手刻背景去除及前景檢測 Background Subtraction
運用光流法來實現影片特徵點追蹤 Video Tracking using Optical Flow ( cv2.SimpleBlobDetector, calcOpticalFlowPyrLK )
使用OpenCV的aruco，來偵測特定marker，並將圖片任一張圖片縮放嵌入至marker所包圍的區域(cv2.aruco)
運用PCA做影像重建

Read File

# Read File
root = tkinter.Tk()
root.withdraw() #use to hide tkinter window
tempdir = fd.askopenfilename(initialdir = os.getcwd(), title = "Select file", filetypes = (("mp4 files","*.mp4"),("all files","*.*")))
if len(tempdir) > 0:
    print("video Path: %s",tempdir)
self.vidcap = cv2.VideoCapture(tempdir)
self.video_label.setText("video loaded")

1. Background Subtraction

我們在這次實作中，試著不使用OpenCV的函式 cv2.createbackgroundSubtrator()

原理

簡單來說，就是要我們在前25個frame中，對每一個pixel計算出他們的平均跟標準差，當作我們的背景資訊，再透過計算接下來的frame的每個pixel跟我們前面計算的mean的差距是不是大於5倍的標準差，是的話就是前景，設為白，否的話就是背景，設為黑，也就是下式

$$ If \space Frame(x , y) - mean > std*5 ,then \space mask(x , y) = 255 $$

$$ If \space Frame(x , y) - mean < std*5 ,then \space mask(x , y) = 0 $$

# Progress
cv2.namedWindow('Video', cv2.WINDOW_AUTOSIZE)
frames = []
set = False  #flag for 25+ frame

while self.vidcap.isOpened():
    ret, frame = self.vidcap.read()
    if not ret:
        break

    frame = np.array(frame)
    gray = cv2.cvtColor(frame, cv2.COLOR_BGR2GRAY) # Convert video frames to Gray 
    result  = np.zeros_like(gray)   # all to be 0     
    removebg = np.zeros_like(gray)  # all to be 0   
    img_show = cv2.hconcat([frame, frame, frame])  #預先設定顯示圖片為0

    if len(frames) < 25:         
        frames.append(gray)

    elif len(frames) == 25:
        all_frames = np.array(frames)
        mean = np.mean(all_frames, axis=0) #build a gaussian model with mean
        std = np.std(all_frames, axis=0) #build a gaussian model with standard deviation 
        std[std < 5] = 5 # if standard deviation is less then 5, set to 5
        set = True
    if set :
        # after 26th fram
        diff = np.subtract(gray, mean) # 將frame與mean相減
        diff = np.absolute(diff)     
        result[diff > (5*std)] = 255 #大於5*標準差，設為255
        gray_three_channel = cv2.cvtColor(result, cv2.COLOR_GRA2BGR)  #result是灰階，轉回RGB
        removebg = cv2.bitwise_and(frame, gray_three_channel) #與原圖做and
        img_show = cv2.hconcat([frame, gray_three_channel, removebg]) #將原圖、mask、結果合併
    
    cv2.imshow('Video', img_show)
    if cv2.waitKey(1) & 0xFF == ord('q'):
        break

這邊解釋一下最後幾行

gray_three_channel = cv2.cvtColor(result, cv2.COLOR_GRA2BGR)

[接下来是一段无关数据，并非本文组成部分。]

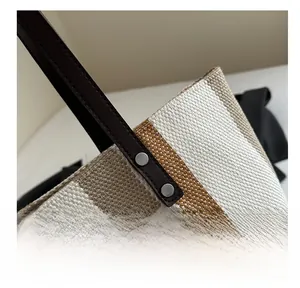 Detail of woven tote bag with brown leather handles and silver metal rivet reinforcement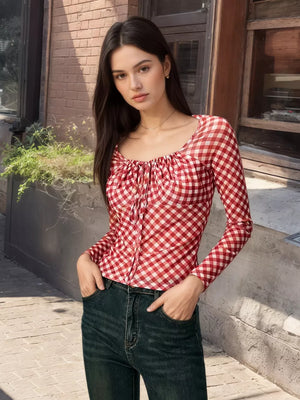 Red gingham tie-front long sleeve maternity shirt with a square neckline.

將他轉回RGB是因為他現在是灰階，每個pixel只有一個值，轉為灰階才能跟其他照片做and

removebg = cv2.bitwise_and(frame, gray_three_channel) #與原圖做and

cv2.bitwise的相關操作可以看這篇 https://ithelp.ithome.com.tw/articles/10248721

與原圖做bitwise_and的原因是因為我做完與mean,std的比較後，背景是黑(0)，前景為白(255)，你與0做bitwise_and就會變成黑色，與255做bitwise_and就會保留原有值，因此上面式子就可以做到把圖片中的前景提取出來，讓背景變為黑。

Result

2. Video Tracking using calcOpticalFlowPyrLK and SimpleBlobDetector

2-1 SimpleBlobDetector on First Frame of Video

目標 : 讀取影片的第一個frame並偵測出腳上的斑點，並用田字框起來

# Setup SimpleBlobDetector parameters.
self.params = cv2.SimpleBlobDetector_Params()

# Change thresholds
self.params.minThreshold = 50
self.params.maxThreshold = 255

# Filter by Area.
self.params.filterByArea = True
self.params.minArea = 35
self.params.maxArea = 90

# Filter by Circularity
self.params.filterByCircularity = True
self.params.minCircularity = 0.8

# Filter by Convexity
self.params.filterByConvexity = True
self.params.minConvexity = 0.8

# Filter by Inertia
self.params.filterByInertia = True
self.params.minInertiaRatio = 0.5

# Create a detector with the parameters
detector = cv2.SimpleBlobDetector_create(self.params)
_,frame = self.vidcap.read()

設定SimpleBlobDetector，給予你想要偵測的東西的一些條件我這邊是設定成一個檢測我範例中影片腳上的斑點，具體參數可以參考網路

https://blog.csdn.net/weixin_44901043/article/details/123275650

https://www.796t.com/content/1546661369.html

設定好後，將參數指定給一個detector做之後的檢測

# Detect blobs.
keypoints = detector.detect(frame)
pts = cv2.KeyPoint.convert(keypoints)

SimpleBlobDetector的dectector.detect所拿到的keypoints的資料型態為cv2.keypoints的格式，會包含更多資訊，但我們在這邊不需要，於是使用他內鍵函式cv2.KeyPoint.convert，可以將cv2.keypoints轉成Point2f格式，即可取得點的x,y座標

for i in range(len(pts)):
    cv2.rectangle(frame, (int(pts[i][0])-6, int(pts[i][1])-6), (int(pts[i][0])+6, int(pts[i][1])+6), (0,255,0), 1, cv2.LINE_AA)
    cv2.line(frame, (int(pts[i][0])-6, int(pts[i][1])), (int(pts[i][0])+6, int(pts[i][1])), (0,255,0), 1, cv2.LINE_AA)
    cv2.line(frame, (int(pts[i][0]), int(pts[i][1])-6), (int(pts[i][0]), int(pts[i][1])+6), (0,255,0), 1, cv2.LINE_AA)
# Draw detected blobs as red circles.
#frame_with_keypoints = cv2.drawKeypoints(frame, keypoints, np.array([]), (0,0,255), cv2.DRAW_MATCHES_FLAGS_DRAW_RICH_KEYPOINTS)

# Show keypoints
cv2.imshow("Keypoints", frame)
#cv2.imshow("Keypoints", frame_with_keypoints)
cv2.waitKey(0)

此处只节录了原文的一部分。